Now that it can be shown that the gravitational attraction between two masses can be altered and especially altered when the masses are radiating gravitational energy, we are given a clue as to how gravity works. As a simple guess it is like magnetism in that it can be more (stronger) or less (weaker) without changing the mass of the material.
When the gravitational attraction between two masses declines part of the gravitational potential energy debt incurred has to be repaid, so you get a breakdown in the dr/dt formula, which only accounts for the amount of movement due to the loss of momentum from the gravitational energy component, but that loss also reduces G so a huge amount of extra movement is required to fund that.

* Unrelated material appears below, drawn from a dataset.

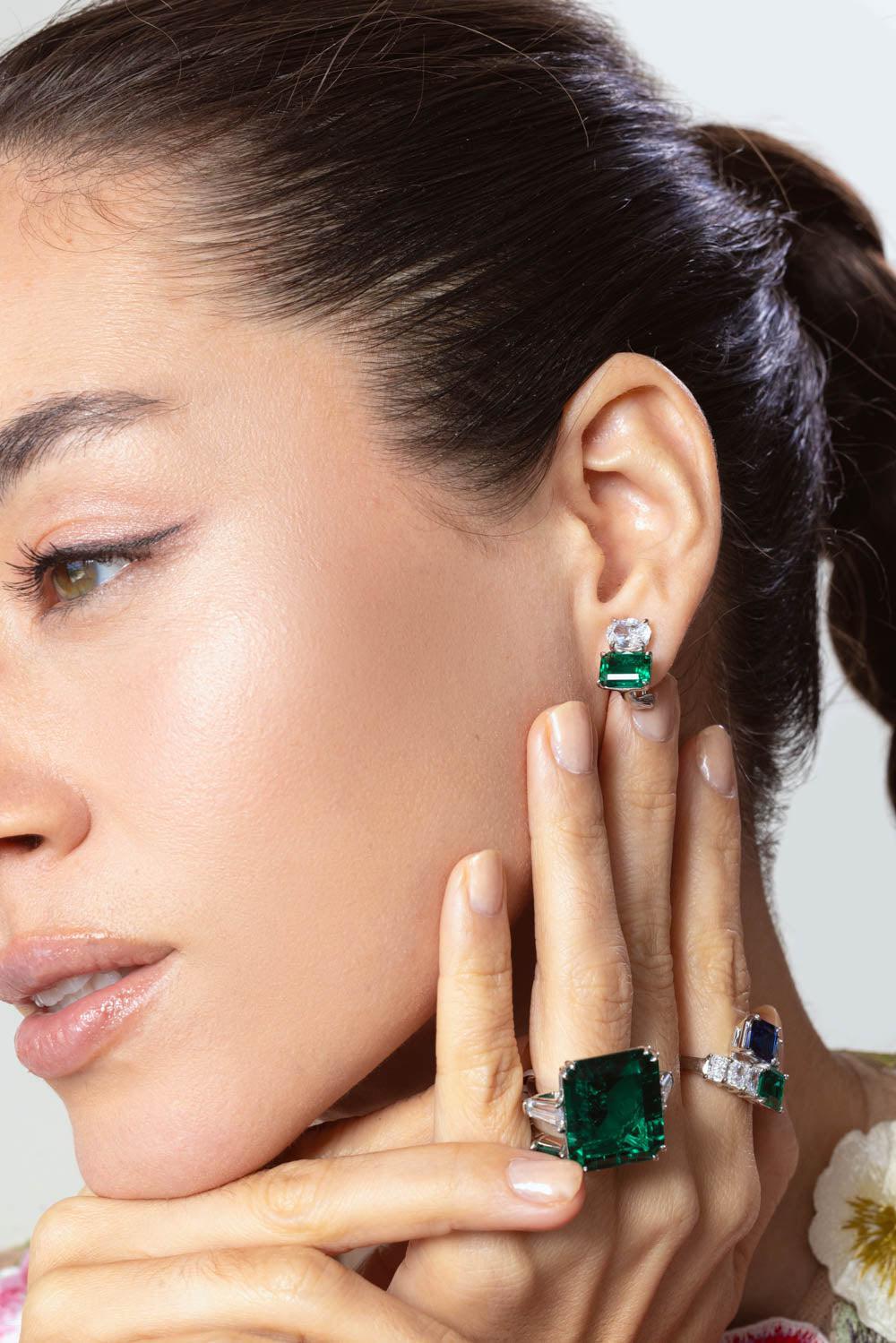 FANTASIA by DESERIO-Green White Cz Stud Earrings-GREEN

The dE/dt, and dp/dt formulas holds true, and they correctly account for the period change (so Weisberg and Taylor were OK on that).
But with the macro a solution was recovered that altered both "r" and "dr" and "G" (called GB2 in the macro).

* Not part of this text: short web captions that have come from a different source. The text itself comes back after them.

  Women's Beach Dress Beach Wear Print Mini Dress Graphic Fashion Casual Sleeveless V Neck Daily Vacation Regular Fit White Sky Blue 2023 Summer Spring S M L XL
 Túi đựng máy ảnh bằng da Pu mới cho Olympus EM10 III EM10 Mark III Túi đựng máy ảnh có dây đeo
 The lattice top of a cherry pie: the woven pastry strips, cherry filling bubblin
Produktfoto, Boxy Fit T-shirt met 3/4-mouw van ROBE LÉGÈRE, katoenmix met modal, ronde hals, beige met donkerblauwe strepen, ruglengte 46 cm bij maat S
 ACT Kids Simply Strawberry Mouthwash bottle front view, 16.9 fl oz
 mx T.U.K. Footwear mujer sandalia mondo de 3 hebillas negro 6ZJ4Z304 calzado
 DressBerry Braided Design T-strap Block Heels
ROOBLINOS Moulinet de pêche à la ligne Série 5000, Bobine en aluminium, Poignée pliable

It will take a bit of thought to even attempt to explain what could be happening at the subatomic/quantum level.
The only thing that hasn't held is the postulate that G is constant throughout all time and space.

 

An interesting extension of this project would be to continue to follow what will happen as the Hulse Taylor Binary stars continue their orbital decay. We have the verified Formula 3 from the Weisberg and Taylor paper that very accurately follows the orbital period change. So each year we could recalculate the orbital period for year (n) and the new Gb(n) and see how long the collapse will take. Note: As the Gb(n) weakens maybe the final collapse could be slowed, but then when they do combine into the black-hole we could have the Gravitational constant for this black-hole (GBH) . Maybe we can show that time is not zero at the event horizon of a black hole! Every time I read that time is stopped by a black-hole it never rings true with me, so one way or the other we will find out.
I could streamline the above macro and make it loop till the sum of the semi major axes equals zero. I would also need to introduce formula 3 to keep track of the orbital period changes.
Is there anyone out there who is able to help?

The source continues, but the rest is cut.